1023日付朝日新聞朝刊社説に、「衆院総選挙」のことが載った。

 今日はこの社説を学習することにした。

 まず社説は、「衆院選は自民、公明の与党が過半数を大きく超えた。有権者は安倍首相の続投を選んだ。

 森友・加計学園問題への追及をかわす大義なく解散―――。自ら仕掛けた「権力ゲーム」に、首相は勝った。

 ただ、政権継続を選んだ民意も実は多様だ。選挙結果と、選挙戦のさなかの世論調査に現れた民意には大きなズレがある。」と切り出した。

 続けて社説は、「本紙の直近の世論調査によると、「安倍さんに今後も首相を続けてほしい」34%、「そうは思わない」は51%。

 国会で自民党だけが強い勢力持つ状況が「よくない」が73%、「よい」は15%。

 「今後の自民党中心の政権が続くのがよい」は37%、「自民党以外の政党に政権が代わるのがよい」は36%。

 驕りとゆるみが見える「一強政治」ではなく、与野党の均衡のある政治を求める。そんな民意の広がりが読み取れる。

 ならばなぜ、衆院選で自民党は多数をえたのか。死票の多い小選挙区制の特性もあるが、それだけではあるまい。

 首相が狙った権力ゲームに権力ゲームで答える。民進党の前原誠司代表と希望の党の小池百合子代表の政略優先の姿勢が、最大の理由ではないか。

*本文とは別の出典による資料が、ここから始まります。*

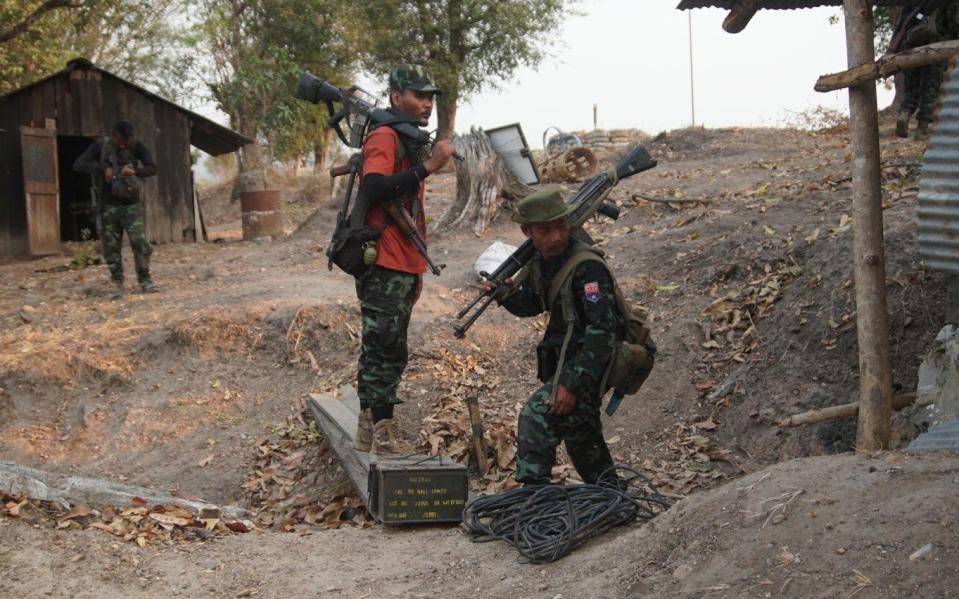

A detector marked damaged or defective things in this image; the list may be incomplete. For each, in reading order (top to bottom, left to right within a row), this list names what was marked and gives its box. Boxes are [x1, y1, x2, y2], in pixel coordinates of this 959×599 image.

rusty metal barrel [240, 191, 284, 240]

 小池氏の人気を当て込む民進党議員に、小池氏は排除の論理」を持ち出し、政策的な「踏み絵」を迫った。

 それを受け、合流を求める議員たちは民進党が主張してきた政策を覆した。

 安全保障関連法の撤回や、同法を前提にした改憲への反対などである。

 基本政策の一貫性を捨ててまで、生き残りに走る議員たち。

 その姿に、多くの有権者が不信感を抱いたに違いない・

 例えば「消費税凍結」「原発ゼロ」は本紙の世論調査ではともに55%が支持する。希望の党は双方を公約に掲げたが、同党の政策軽視の姿勢があらわになった以上、いくら訴えても民意を掴めるはずがない。

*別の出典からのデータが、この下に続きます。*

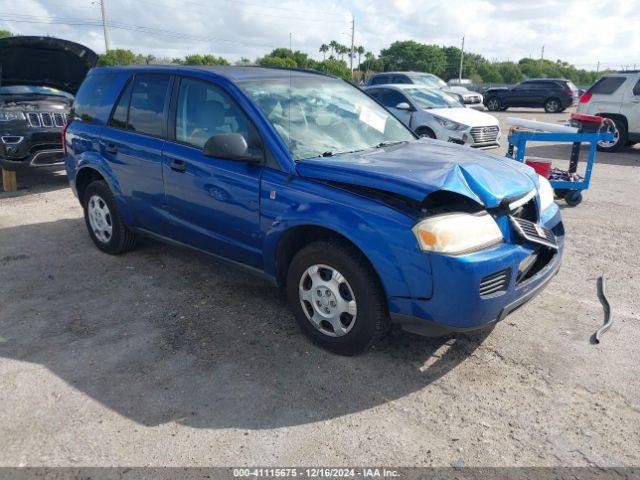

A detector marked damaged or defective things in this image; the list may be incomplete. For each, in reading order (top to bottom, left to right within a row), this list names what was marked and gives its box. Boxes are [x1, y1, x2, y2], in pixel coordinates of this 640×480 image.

crumpled hood [0, 35, 97, 94]
crumpled hood [430, 106, 500, 126]
crumpled hood [296, 138, 540, 207]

 与党との1対1の対決構図を目指して模索してきた野党共闘も白紙にされた。

 その結果、野党同士がつぶし合う形になったことも与党を利した」と指摘した。

 さらに社説は、「その意味で与党が多数を占めた今回の選挙は、むしろ野党が「負けた」のが実態だろう。

 旧民主党政権の挫折から約5年。「政権交代可能な政治」への道半ばで、野党第一党が散り散りに割れたツケは大きい。

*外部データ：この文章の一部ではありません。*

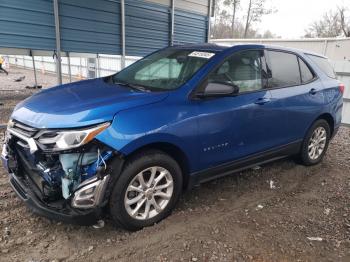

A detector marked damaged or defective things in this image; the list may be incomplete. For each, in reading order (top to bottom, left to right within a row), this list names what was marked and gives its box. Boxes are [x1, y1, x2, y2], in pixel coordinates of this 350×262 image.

crumpled hood [10, 77, 168, 128]
broken headlight [37, 122, 110, 150]
front-end damage [1, 119, 123, 224]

 与党の圧倒的な数を前に、野党の連携を欠けば政権への監視役は果たせず、政治の緊張感は失われる。その現実を直視し、選挙と国会活動の両面で協力関係を再構築することこそ、野党各党が民意に応える道だ。

 留意すべきは、権力ゲームからはじきとばされた立憲民主党がなぜ躍進したのか。

 判官びいきもあろう。その上に、民進党の理念・政策や野党共闘を重んじる筋の通し方への共感もあったのではないか。

 「上からのトップダウン型の政治か、下からの草の根の民主主義か」、枝野幸男代表が訴えた個人尊重と手続重視の民主主義のあり方は、安倍政権との明確な対立軸になり得よう。

 では首相は手にした数の力で次に何を目指すのか。自民党は公約に初めて改憲の具体的な項目を明記した。一方で首相は選挙演説で改憲に触れず、北朝鮮やアベノミクスの「成果」を強調した。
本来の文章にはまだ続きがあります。